■ Data excerpts:
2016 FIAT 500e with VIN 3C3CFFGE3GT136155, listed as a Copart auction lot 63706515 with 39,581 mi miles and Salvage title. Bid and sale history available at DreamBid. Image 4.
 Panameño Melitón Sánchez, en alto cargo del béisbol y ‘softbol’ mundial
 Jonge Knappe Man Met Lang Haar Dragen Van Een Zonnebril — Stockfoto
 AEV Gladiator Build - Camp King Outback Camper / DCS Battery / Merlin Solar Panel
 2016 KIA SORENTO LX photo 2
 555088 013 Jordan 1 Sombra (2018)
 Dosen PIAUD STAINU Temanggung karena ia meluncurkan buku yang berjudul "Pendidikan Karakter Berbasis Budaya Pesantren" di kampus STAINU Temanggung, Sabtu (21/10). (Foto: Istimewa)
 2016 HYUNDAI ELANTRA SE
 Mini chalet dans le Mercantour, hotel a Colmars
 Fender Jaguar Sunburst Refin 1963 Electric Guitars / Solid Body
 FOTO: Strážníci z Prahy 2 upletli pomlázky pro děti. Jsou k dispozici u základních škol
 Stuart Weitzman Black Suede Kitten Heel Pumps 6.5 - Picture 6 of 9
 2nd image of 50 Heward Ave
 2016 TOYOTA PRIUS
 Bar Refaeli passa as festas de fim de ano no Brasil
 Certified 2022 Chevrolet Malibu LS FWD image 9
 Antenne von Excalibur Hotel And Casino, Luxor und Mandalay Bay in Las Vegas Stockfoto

■ Your goal:
Read the material above and copy out each line holding "Stockfoto".

■ Problem solution:
 Jonge Knappe Man Met Lang Haar Dragen Van Een Zonnebril — Stockfoto
 Antenne von Excalibur Hotel And Casino, Luxor und Mandalay Bay in Las Vegas Stockfoto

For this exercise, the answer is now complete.